E na Parashá da semana, Devarim, Moshé relembrou um dos momentos mais trágicos
do povo judeu. No primeiro ano após a saída do Egito, o povo judeu já se
aproximava de Israel e finalmente poderia entrar na terra sagrada que havia sido
prometida a eles por D'us desde a época dos nossos patriarcas, Avraham, Yitzchak
e Yaacov. Mas o povo, ao invés de confiar na palavra de D'us, decidiu enviar
espiões para verificar se a terra era realmente boa. Dos 12 espiões enviados, 10
voltaram falando mal da terra e convenceram o povo de que era impossível
conquistá-la. O povo chorou durante toda aquela noite, deixando D'us irritado
com a falta de confiança. Conforme nos ensina o Talmud (Taanit 29a), D'us disse
para o povo: "Vocês choraram sem motivo. Portanto, Eu fixarei esta noite como
uma noite de choro para as futuras gerações". Esta noite era Tishá Be Av (dia 9
do mês judaico de Av), um dos dias mais tristes do ano, data na qual as palavras
de D'us se cumpriram e várias tragédias atingiram o povo judeu em diferentes
gerações, como a destruição dos nossos dois Templos Sagrados e a expulsão dos
judeus da Espanha e de Portugal em 1492.
O erro dos espiões custou caro
ao povo judeu. Toda aquela geração, cerca de 600 mil homens, recebeu o duro
decreto de não entrar na Terra de Israel. O povo judeu teve que permanecer 40
anos no deserto, até que toda aquela geração morresse e uma nova geração pudesse
entrar em Israel. Rashi (França, 1040 - 1105) nos conta que o castigo dos
espiões foi ainda mais duro. Eles sofreram uma morte terrível e estranha: suas
línguas se alongaram e chegaram até os seus umbigos, e vermes saíam de suas
línguas e entraram em seus umbigos.
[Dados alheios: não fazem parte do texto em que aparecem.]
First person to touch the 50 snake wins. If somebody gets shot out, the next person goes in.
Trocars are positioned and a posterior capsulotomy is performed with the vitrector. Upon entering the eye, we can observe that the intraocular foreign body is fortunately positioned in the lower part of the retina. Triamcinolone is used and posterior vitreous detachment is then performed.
Rashi explica que esta morte foi "Midá
Keneged Midá" (medida por medida), pois o erro deles havia sido o mau uso da
língua. Mas como a língua chegar até o umbigo refletia o erro cometido pelos
espiões?
Tishá Be Av é um dia de luto nacional do povo judeu. Quando uma
pessoa está enlutada, ela fica em silêncio. Inclusive, de acordo com a Halachá
(Lei judaica), é proibido começar uma conversa com alguém que está enlutado.
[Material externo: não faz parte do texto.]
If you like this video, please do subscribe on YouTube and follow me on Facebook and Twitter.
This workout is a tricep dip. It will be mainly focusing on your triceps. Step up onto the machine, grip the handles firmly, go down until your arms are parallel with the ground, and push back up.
Devemos permanecer em silêncio na presença de um enlutado, deixando para ele a
opção de vir conversar caso tenha vontade. Tishá Be Av também é um dia de
silêncio, pois a fala teve uma participação muito grande no erro dos espiões e,
consequentemente, na destruição dos dois Templos Sagrados. O silêncio de Tishá
Be Av é parte do conserto do erro cuja raiz foi o mau uso da fala. Nossos sábios
ressaltam a importância do silêncio: "Todos os meus dias eu cresci entre os
sábios e não encontrei nada melhor para o corpo do que o silêncio" (Pirkei Avót
1:17). Mas por que a Mishná do Pirkei Avót descreve que o silêncio é bom
especificamente ao corpo?
Há outro ensinamento interessante no Talmud em
relação ao silêncio. O Talmud (Meguilá 18a) afirma: "Se a palavra vale uma
moeda, o silêncio vale duas moedas". Mas o que o Talmud está acrescentado ao que
já foi ensinado na Mishná de Pirkei Avót? Além disso, por que Talmud utiliza
esta proporção de que o silêncio vale o dobro do que as palavras? Isto não
contradiz o ensinamento do Pirkei Avót, que aparentemente descreve que os
benefícios do silêncio são muitas vezes maiores do que os benefícios da
fala?
Há ainda um questionamento sobre o poder da fala que está
relacionado com a criação do ser humano, como está descrito: "E Ele (D'us)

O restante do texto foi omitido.